True challenge will be finding ways to ‘cooperate constructively within an inherently competitive relationship’, Chinese analyst cautions
SCMP
President Xi Jinping’s new formula for China-US relations is “aspirational”, but the “real test” will be ensuring the two powers can work together despite their deepening rivalry, a leading Chinese political observer has cautioned.
Building this stability was the overriding priority and their competition must remain controlled, Xi emphasised.
Zhao Minghao, deputy director of the Centre for American Studies at Shanghai’s Fudan University, cautioned about the structural tensions still shaping the relationship beneath the surface.
“This new concept is aspirational, but it is not where the relationship actually is right now,” Zhao said. “The real test is how the two powers find ways to cooperate constructively within an inherently competitive relationship.”
“Major disagreements – such as US military deployment in the Asia-Pacific – will persist. But Beijing and Washington could pursue practical cooperation in areas like non-sensitive trade and AI safety,” he added.
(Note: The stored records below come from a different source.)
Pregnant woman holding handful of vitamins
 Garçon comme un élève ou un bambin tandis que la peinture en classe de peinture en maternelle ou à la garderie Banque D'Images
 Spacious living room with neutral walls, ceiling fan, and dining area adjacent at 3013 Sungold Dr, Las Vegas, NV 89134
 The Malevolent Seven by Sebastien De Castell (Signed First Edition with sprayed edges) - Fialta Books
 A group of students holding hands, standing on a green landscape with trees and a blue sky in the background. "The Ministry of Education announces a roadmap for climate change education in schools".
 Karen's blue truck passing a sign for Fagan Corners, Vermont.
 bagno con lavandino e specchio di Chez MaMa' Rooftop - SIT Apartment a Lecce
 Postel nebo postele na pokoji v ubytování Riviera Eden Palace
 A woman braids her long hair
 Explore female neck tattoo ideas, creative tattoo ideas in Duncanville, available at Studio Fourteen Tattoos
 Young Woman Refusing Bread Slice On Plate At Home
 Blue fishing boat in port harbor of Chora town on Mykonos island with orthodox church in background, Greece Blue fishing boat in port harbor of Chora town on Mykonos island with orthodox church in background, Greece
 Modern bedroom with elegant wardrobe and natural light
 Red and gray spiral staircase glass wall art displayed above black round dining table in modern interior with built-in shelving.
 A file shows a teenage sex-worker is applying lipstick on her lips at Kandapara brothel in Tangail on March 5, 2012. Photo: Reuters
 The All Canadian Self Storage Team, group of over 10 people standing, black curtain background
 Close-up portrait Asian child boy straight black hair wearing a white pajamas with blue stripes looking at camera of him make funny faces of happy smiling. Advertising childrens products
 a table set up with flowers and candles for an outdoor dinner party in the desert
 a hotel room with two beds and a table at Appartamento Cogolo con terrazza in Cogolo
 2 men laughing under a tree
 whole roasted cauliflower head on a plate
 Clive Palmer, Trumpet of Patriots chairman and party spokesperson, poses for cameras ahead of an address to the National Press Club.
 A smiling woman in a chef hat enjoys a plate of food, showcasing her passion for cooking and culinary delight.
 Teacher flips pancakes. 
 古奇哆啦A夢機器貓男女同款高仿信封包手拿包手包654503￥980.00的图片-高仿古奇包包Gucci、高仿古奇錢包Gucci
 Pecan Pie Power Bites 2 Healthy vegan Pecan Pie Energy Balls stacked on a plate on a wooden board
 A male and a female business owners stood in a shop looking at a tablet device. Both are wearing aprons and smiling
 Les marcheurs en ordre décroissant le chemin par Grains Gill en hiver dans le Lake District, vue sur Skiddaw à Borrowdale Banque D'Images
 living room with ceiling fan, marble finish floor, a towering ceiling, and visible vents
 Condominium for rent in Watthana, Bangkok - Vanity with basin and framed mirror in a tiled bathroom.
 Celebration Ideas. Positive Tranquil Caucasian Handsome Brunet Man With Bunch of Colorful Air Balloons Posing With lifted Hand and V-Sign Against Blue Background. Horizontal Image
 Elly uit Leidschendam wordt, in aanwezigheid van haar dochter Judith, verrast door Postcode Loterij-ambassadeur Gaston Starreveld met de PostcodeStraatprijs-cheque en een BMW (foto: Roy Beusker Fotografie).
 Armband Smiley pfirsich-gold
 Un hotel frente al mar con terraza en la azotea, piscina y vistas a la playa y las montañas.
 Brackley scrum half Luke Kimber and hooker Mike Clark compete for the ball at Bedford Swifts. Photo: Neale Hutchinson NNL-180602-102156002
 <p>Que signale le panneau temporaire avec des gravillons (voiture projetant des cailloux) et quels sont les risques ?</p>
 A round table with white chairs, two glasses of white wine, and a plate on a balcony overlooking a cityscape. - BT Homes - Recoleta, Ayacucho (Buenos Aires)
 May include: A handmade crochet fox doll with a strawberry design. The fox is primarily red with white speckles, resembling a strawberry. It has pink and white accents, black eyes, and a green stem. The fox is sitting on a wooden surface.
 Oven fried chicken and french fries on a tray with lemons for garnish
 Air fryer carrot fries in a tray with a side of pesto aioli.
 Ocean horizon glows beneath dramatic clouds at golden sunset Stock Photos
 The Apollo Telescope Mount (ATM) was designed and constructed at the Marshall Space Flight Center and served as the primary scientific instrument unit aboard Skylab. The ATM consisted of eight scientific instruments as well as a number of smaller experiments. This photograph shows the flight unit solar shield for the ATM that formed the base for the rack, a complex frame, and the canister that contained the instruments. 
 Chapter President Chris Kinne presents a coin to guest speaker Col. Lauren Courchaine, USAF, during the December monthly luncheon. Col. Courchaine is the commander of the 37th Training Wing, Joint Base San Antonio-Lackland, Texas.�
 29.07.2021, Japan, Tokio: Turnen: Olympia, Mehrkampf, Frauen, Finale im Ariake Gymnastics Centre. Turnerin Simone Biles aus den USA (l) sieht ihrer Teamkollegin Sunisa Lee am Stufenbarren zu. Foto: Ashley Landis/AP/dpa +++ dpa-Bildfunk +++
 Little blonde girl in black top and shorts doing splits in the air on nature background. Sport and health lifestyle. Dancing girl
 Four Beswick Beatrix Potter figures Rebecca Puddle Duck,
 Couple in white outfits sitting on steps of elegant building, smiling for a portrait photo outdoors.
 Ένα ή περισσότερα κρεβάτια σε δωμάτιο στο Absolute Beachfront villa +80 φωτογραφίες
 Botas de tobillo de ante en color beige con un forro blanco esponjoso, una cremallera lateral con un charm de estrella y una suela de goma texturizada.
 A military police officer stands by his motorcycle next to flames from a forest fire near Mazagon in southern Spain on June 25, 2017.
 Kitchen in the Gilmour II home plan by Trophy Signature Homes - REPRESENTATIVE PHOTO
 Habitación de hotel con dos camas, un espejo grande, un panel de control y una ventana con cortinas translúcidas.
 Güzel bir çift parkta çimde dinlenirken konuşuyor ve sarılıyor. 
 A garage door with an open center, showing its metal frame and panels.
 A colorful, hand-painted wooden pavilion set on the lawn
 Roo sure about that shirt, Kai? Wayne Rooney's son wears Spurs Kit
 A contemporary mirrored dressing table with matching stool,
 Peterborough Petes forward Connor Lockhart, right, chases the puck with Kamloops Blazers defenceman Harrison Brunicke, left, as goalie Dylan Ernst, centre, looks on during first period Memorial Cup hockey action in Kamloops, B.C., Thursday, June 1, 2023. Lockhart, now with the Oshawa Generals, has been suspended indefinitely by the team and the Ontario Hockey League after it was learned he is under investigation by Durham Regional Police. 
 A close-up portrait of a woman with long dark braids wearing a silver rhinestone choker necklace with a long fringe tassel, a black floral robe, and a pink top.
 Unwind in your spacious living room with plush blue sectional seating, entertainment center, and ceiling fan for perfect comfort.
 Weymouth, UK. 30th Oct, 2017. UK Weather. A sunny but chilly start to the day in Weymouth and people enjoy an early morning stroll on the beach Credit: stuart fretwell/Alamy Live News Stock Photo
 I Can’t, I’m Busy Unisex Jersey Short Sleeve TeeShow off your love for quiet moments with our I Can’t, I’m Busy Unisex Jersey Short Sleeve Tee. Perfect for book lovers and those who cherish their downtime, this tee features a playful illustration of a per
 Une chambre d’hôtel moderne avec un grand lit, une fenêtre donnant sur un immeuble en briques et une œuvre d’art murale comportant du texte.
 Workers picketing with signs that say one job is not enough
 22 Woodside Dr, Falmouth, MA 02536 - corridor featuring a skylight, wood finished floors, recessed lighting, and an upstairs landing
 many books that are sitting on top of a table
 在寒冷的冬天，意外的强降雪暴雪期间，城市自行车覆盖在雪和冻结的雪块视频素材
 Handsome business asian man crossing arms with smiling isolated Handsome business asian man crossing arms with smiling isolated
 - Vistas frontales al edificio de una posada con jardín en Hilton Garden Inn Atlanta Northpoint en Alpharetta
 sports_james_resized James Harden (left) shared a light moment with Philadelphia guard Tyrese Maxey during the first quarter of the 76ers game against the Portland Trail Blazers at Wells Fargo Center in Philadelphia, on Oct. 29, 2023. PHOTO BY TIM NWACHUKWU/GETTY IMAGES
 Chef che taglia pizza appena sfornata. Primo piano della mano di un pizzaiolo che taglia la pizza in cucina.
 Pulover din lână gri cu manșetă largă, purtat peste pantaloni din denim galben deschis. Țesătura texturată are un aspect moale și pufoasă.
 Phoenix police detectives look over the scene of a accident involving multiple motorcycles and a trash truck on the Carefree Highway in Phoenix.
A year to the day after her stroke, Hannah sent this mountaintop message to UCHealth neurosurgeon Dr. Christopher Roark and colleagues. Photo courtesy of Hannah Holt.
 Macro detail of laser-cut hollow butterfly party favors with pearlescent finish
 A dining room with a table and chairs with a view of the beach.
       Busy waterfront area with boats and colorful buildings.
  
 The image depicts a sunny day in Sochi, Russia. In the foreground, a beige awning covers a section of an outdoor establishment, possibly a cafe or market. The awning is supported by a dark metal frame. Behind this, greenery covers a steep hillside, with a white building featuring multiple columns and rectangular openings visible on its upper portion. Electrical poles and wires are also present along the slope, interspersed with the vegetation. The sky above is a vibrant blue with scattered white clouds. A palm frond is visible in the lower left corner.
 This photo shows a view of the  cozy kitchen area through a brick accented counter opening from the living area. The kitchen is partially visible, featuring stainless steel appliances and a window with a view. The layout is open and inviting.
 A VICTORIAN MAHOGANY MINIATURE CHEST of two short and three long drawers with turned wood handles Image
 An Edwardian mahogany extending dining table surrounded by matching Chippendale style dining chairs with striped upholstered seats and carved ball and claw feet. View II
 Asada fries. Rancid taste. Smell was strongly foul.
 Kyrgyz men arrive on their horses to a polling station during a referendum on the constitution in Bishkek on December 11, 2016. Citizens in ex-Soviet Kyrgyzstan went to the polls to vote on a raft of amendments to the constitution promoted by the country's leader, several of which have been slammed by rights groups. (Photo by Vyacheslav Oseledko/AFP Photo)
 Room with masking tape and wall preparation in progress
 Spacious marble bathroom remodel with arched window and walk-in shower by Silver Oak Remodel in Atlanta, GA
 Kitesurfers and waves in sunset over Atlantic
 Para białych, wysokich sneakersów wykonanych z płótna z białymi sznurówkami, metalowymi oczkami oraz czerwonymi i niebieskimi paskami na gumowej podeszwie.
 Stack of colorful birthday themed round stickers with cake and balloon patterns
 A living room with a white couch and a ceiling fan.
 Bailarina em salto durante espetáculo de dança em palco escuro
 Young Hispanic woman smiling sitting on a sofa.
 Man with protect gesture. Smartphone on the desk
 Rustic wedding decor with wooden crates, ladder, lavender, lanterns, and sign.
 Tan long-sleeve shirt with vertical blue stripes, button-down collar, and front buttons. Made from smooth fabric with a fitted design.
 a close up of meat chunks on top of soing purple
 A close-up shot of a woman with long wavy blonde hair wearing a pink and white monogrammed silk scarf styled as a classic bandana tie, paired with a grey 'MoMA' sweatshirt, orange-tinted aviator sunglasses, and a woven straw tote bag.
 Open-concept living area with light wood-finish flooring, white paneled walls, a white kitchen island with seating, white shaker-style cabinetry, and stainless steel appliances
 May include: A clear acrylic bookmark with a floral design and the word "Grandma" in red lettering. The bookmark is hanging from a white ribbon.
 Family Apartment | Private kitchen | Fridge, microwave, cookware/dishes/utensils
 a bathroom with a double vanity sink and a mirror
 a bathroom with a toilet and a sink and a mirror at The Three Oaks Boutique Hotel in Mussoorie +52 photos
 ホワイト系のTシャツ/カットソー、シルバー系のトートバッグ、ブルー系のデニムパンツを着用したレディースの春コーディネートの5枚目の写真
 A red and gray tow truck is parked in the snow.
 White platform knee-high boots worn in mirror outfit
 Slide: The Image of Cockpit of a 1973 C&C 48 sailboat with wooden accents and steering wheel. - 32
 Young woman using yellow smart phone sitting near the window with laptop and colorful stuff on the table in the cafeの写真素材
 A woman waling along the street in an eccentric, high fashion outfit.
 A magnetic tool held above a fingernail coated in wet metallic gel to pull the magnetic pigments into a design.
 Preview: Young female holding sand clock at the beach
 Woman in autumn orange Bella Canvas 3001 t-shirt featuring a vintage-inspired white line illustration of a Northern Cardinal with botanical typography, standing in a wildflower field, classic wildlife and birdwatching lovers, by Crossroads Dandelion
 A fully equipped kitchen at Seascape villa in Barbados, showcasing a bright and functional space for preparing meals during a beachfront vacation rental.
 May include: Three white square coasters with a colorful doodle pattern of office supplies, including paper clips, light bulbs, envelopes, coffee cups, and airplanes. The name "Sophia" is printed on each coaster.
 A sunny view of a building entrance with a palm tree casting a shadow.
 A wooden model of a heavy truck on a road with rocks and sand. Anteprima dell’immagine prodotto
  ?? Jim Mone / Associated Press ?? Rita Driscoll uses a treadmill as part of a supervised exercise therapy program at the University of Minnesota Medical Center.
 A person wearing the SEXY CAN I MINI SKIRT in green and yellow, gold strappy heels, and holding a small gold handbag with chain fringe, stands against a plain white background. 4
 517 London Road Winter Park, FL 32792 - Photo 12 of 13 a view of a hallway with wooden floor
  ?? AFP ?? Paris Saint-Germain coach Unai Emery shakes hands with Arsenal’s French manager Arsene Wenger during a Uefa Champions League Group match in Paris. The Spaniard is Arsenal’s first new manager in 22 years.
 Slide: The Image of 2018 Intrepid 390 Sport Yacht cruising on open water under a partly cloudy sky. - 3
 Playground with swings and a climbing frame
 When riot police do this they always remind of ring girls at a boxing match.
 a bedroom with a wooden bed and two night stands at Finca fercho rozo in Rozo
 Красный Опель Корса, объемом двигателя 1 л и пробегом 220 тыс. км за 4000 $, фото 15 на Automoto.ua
Zhao predicted more coordination in areas such as artificial intelligence (AI) governance, as well as the board of trade and board of investment initiatives currently under discussion.
US-China relations have remained volatile over the past year, defined by a pendulum swing between escalation and tactical detente.
But tentative de-escalation was reached late last year following a Xi-Trump summit in South Korea, on the margins of an Asia-Pacific Economic Cooperation event.
The extraordinarily high US duties have since been rolled back drastically, with a 10 per cent reciprocal tariff on Chinese products in place until November and some previous fentanyl-related tariffs lowered to 10 per cent.
However, high tariffs remain for specific sectors, such as a 50 per cent levy on steel and aluminium.
Trump’s state visit to China – the first by a US president in nine years – came as both sides signalled interest in sustaining dialogue, even though official accounts of the Xi-Trump meeting diverged sharply.
The White House highlighted increased Chinese investment in the US, cooperation on preventing fentanyl precursors entering the US, shared concerns over the blockaded Strait of Hormuz, joint opposition to Iranian nuclear weapons, and Beijing’s interest in buying American oil.
Beijing’s readout unveiled the new “constructive China-US relationship of strategic stability” and highlighted military-to-military communication channels.
The US account, however, made no mention of Taiwan.
Zhao described Xi’s remarks on Taiwan as “much more straightforward and clear” than in the past, and said Beijing viewed the meeting as a critical chance to deepen Trump and senior US officials’ understanding of the issue.
Beijing sees Taiwan as part of China and has never renounced the use of force to reunite it with the mainland. The United States, in common with most countries, does not recognise self-governed Taiwan as an independent state, but is opposed to any attempt to take the island by force and is legally committed to supplying it with weapons.
Trump was publicly silent on Taiwan during his two-day visit to Beijing, though Zhao suggested that more discussions or even a tacit understanding could have emerged behind closed doors.
“[The] key indicators to watch include US arms sales to Taiwan and future political interactions between Washington and Taipei,” he said.
The divergent readouts may highlight different priorities, but neither side has contradicted the other’s account.
Zhao said: “There’s an unspoken understanding here, and it shows that the content from both readouts is credible.”
On Iran, Zhao said more US-China communication was expected but warned that Beijing’s influence remained “limited”, as neither Washington nor Tehran appeared ready to back down and thought they still had cards left to play.